◆ PROVIDED MATERIAL ◆
┏━━

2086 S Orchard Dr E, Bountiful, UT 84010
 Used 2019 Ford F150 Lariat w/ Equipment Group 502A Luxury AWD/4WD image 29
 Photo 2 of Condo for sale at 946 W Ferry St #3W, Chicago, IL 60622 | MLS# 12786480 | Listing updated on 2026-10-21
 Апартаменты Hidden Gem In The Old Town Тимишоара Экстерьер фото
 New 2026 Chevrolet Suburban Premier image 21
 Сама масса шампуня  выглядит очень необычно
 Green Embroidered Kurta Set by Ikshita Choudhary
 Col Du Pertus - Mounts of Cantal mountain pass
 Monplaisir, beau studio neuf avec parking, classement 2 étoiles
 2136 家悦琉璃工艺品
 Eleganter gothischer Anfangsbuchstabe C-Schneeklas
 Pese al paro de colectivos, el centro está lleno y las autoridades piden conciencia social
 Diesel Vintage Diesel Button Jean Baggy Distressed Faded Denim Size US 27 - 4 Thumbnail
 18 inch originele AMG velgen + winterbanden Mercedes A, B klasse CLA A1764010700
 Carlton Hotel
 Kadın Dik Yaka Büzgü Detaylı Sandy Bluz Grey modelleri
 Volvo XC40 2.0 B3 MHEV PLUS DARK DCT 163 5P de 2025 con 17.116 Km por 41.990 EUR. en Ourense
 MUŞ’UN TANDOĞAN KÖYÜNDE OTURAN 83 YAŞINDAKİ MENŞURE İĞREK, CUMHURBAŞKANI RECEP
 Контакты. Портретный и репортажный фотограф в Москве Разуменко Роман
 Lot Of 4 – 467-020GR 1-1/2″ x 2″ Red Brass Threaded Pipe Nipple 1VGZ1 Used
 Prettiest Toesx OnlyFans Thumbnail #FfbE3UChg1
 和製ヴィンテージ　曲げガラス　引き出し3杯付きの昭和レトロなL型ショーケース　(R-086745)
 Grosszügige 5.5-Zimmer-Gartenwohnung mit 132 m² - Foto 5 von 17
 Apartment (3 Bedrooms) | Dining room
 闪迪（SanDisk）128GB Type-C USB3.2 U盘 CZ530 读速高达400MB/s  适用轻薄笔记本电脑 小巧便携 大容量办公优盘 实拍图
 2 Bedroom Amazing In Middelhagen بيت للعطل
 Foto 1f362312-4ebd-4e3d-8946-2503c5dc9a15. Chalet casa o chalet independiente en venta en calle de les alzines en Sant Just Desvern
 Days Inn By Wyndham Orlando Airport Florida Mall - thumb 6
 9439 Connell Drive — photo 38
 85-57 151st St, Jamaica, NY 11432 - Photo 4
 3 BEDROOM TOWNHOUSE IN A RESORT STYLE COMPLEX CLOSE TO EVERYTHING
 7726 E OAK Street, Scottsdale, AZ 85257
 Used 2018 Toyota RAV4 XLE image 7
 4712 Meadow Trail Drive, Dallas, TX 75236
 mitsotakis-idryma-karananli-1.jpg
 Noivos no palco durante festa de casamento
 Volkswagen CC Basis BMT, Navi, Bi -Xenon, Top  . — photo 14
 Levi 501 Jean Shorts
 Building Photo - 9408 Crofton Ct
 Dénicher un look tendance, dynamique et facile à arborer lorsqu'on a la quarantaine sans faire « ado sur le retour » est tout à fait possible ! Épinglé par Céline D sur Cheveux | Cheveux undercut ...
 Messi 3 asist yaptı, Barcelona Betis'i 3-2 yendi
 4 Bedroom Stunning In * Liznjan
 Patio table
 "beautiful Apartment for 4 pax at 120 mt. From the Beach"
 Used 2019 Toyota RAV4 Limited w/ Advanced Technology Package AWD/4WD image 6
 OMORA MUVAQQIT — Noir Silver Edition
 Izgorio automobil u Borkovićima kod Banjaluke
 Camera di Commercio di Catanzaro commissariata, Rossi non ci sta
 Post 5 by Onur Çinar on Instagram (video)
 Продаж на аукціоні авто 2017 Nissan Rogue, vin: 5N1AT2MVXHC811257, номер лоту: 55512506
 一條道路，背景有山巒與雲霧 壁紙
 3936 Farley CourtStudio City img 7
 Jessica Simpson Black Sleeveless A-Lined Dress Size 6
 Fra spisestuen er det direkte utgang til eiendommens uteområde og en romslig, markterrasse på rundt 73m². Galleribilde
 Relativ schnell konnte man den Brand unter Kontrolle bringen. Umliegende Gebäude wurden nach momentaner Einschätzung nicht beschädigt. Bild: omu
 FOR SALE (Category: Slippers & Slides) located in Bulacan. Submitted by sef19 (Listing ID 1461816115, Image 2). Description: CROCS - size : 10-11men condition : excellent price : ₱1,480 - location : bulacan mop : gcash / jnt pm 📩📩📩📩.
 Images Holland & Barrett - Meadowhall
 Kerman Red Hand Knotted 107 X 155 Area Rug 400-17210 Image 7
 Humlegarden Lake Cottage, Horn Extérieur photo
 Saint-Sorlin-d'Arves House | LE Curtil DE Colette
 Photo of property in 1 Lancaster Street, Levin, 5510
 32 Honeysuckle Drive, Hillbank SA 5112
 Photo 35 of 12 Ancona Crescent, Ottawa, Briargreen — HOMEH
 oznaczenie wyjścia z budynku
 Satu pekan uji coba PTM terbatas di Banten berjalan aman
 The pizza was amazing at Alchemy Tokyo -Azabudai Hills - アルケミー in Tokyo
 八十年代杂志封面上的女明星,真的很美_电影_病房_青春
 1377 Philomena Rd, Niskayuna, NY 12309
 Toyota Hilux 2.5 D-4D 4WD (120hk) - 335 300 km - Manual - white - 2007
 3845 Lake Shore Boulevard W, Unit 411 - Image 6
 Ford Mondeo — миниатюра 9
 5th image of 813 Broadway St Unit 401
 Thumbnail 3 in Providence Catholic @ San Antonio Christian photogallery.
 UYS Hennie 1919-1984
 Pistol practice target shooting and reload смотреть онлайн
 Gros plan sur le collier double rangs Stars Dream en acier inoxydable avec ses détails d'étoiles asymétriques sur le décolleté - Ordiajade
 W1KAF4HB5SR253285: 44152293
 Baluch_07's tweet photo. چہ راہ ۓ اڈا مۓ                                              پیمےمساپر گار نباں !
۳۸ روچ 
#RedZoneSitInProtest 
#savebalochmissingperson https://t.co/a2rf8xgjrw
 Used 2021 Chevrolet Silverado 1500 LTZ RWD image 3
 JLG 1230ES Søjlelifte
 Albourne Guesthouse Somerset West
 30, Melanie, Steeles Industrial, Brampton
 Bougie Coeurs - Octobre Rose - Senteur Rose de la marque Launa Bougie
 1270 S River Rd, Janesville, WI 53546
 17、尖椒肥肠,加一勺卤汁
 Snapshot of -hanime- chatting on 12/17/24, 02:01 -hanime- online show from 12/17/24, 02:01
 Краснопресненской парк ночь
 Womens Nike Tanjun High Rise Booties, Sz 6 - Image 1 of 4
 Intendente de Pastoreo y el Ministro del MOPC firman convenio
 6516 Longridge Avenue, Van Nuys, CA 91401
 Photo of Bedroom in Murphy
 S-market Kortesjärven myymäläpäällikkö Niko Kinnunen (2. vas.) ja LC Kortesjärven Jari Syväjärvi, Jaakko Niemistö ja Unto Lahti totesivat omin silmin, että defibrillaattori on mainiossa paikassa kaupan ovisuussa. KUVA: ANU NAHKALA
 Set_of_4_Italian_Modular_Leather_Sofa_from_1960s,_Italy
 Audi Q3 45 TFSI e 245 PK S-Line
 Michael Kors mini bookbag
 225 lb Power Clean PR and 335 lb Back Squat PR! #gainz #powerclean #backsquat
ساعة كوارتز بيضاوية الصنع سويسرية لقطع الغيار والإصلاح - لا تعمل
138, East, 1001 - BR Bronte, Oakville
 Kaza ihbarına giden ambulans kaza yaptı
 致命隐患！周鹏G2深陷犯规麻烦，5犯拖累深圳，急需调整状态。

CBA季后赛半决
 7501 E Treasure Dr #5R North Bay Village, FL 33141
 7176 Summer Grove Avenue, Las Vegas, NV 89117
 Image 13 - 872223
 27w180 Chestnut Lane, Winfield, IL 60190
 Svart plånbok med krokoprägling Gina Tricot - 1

┗━━

◆ INSTRUCTIONS TO FOLLOW ◆
Scan the listing above for the word "yaptı" and show each line where it is found.

◆ EXPECTED OUTPUT ◆
 Messi 3 asist yaptı, Barcelona Betis'i 3-2 yendi
 Kaza ihbarına giden ambulans kaza yaptı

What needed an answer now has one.